Wednesday, August 24th, 2011

Institute for Far Eastern Studies (IFES)
2011-8-24

Kim Jong Il’s visit to Moscow on August 20 is sparking interest for the future of economic cooperation between the two countries.

According to the KCNA, Russian President Dmitry Medvedev expressed interest to increase trilateral cooperation between the ROK-DPRK-Russia in the gas, energy, and railroad sectors. In the message sent from Medvedev to mark the 66th anniversary of independence from Japanese colonial rule, “plans to expand cooperation with the DPRK and the ROK in gas, energy, and railroad industry” were emphasized.

The cooperation projects are evaluated to have “great economic and political significance contributing to the stability in Northeast Asia and denuclearization of the Korean peninsula.”

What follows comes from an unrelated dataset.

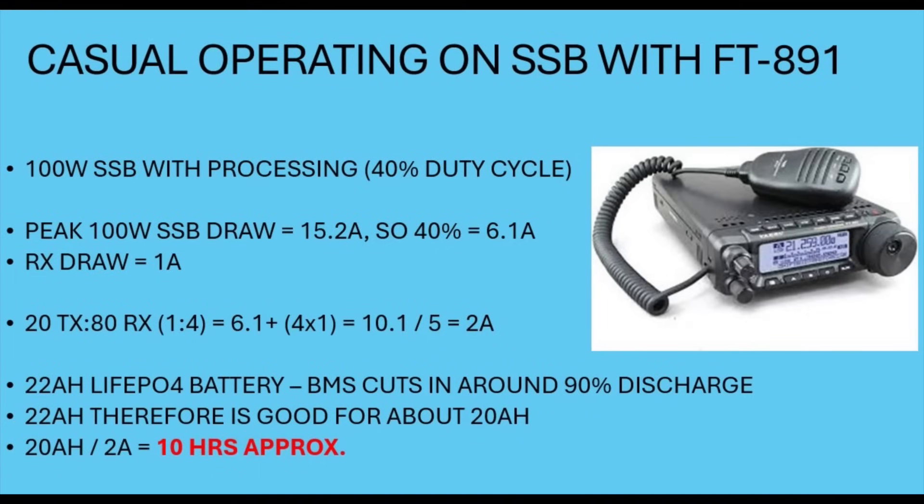If I was running slightly differently — say a 1-to-4 ratio, transmitting for 20% of the time and receiving for 80%, doing search and pounce — then obviously it would be less of a strain on the battery and it would last a lot longer. Looking at the FT891 again with casual operating, the TX peak draw is still 6.1A and receive is still 1 amp, but receive takes up more of the time, giving an average of about 2 amps. That would be about 10 hours of operating time with the FT891 on a more casual basis at 100W with the 22Ah battery.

In July 4, the KCNA reported that the delegates from the Russian energy giant Gazprom headed by Chairman Alekhsandr Ananenkov visited Pyongyang to discuss energy cooperation, although details of the visit was not elaborated. Ananenkov was reported to have met with North Korean officials in gas and oil industriesto discuss bilateral cooperation in these areas.

Russia has also expressed interest in linking gas pipelines to export natural gas to South Korea via inter-Korean railroad system.

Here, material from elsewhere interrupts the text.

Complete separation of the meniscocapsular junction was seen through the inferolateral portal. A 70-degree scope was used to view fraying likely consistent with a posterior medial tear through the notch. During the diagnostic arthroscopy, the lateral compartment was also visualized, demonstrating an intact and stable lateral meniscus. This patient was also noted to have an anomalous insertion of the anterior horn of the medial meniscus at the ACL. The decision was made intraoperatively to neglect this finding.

A spokesperson of the foreign ministry of the DPRK reported on the recent visit from the vice-foreign minister and chief representative of Russia on Six-Party Talks, Aleksei Borodavkin, this past March. In the statement, the Russian government expressed concerns for improving inter-Korean relations and stressed prospects of the tripartite economic cooperation projects with North and South Korea including the construction of railways, gas pipeline, and a transmission line linking the three countries. The DPRK also expressed support for the upcoming economic cooperation projects.

In result, the main agenda in the bilateral economic cooperation between Russia and North Korea entails railway, gas pipeline, and transmission line construction.

President Lee Myung-bak has met with the Russian president Medvedev in September 2008 in Moscow. At the summit, the two presidents reached an agreement to pursue projects to export Russian PNG or pipeline natural gas to South Korea through a pipeline via North Korea from 2015.

Immediately following the summit, South Korea’s Korea Gas Corporation (KOGAS) and Russia’s Gazprom signed a memorandum of understanding (MOU) to jointly study the possibilities of constructing a long-distance pipeline running from Vladivostok. Under the contract, Russia will send at least 7.5 million tons of natural gas annually for a period of 30 years through a pipeline to South Korea via North Korea.

This joint study between ROK-Russia is expected to serve as a momentum in bringing diverse economic cooperation between North and South Korea as well.

While it is still premature to judge the long-term outlook for such trilateral economic cooperation, its effects are anticipated to contribute to stability and peace in the Northeast Asian region.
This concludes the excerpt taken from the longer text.